§ PROBLEM TO SOLVE
Leaving out pictures, output exactly the lines below from the one that has "2009 Pontiac Montana" through the one that has "Lentil salad", and nothing else.

§ GIVEN DATA
········

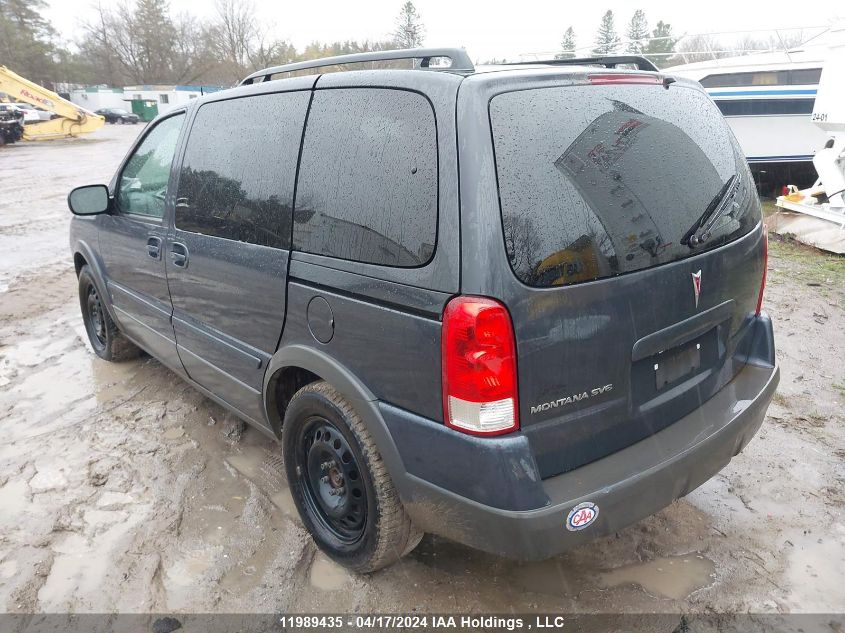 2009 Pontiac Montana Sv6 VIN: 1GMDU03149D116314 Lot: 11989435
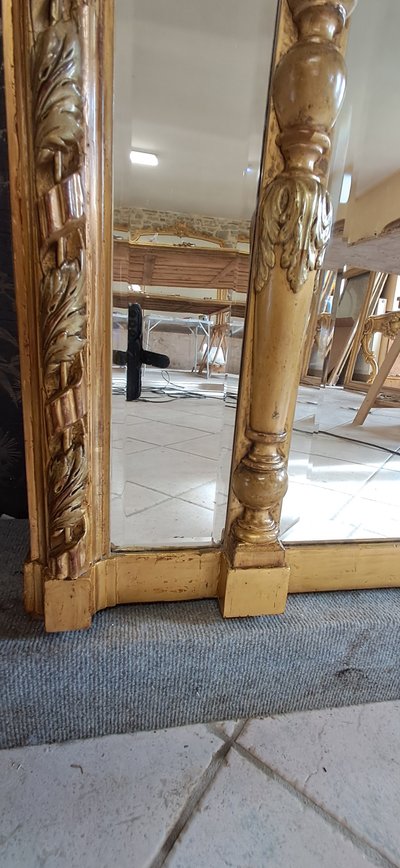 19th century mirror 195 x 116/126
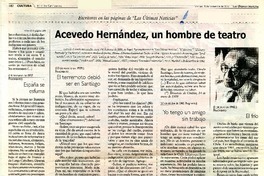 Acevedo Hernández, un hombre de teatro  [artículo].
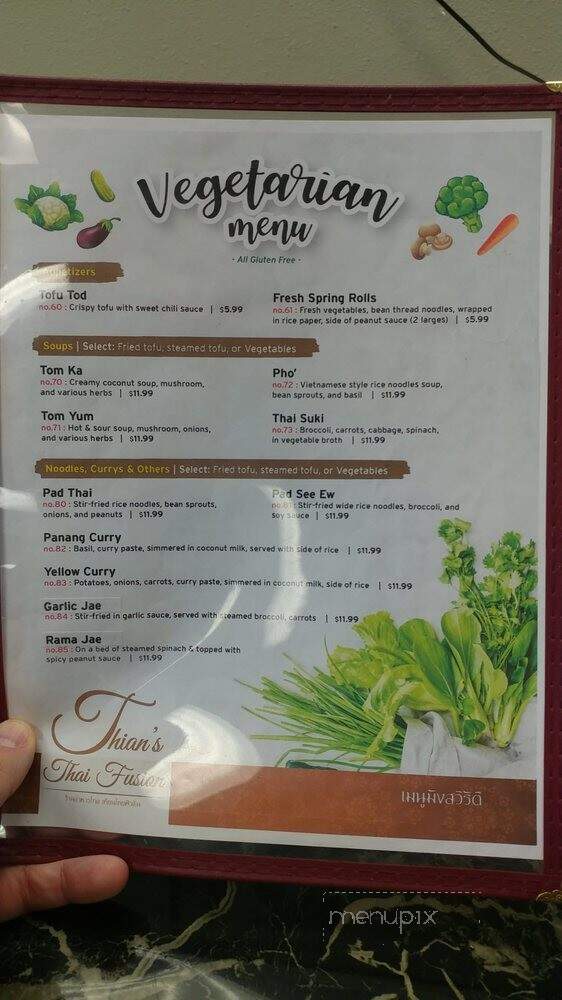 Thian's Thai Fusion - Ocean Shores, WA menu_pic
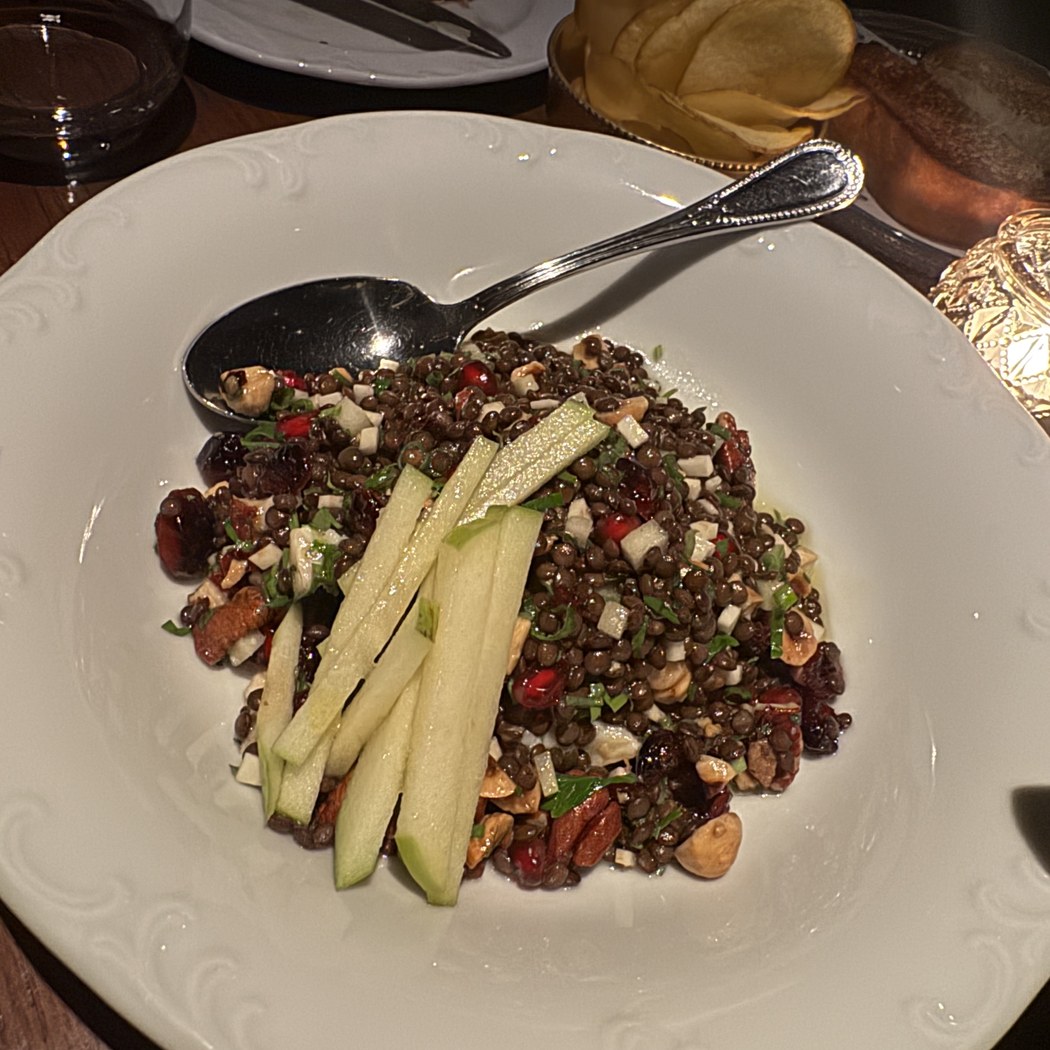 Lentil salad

········

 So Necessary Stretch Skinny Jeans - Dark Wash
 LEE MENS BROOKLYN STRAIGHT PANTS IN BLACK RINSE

········

§ SOLUTION TO THIS PROBLEM
 2009 Pontiac Montana Sv6 VIN: 1GMDU03149D116314 Lot: 11989435
 19th century mirror 195 x 116/126
 Acevedo Hernández, un hombre de teatro  [artículo].
 Thian's Thai Fusion - Ocean Shores, WA menu_pic
 Lentil salad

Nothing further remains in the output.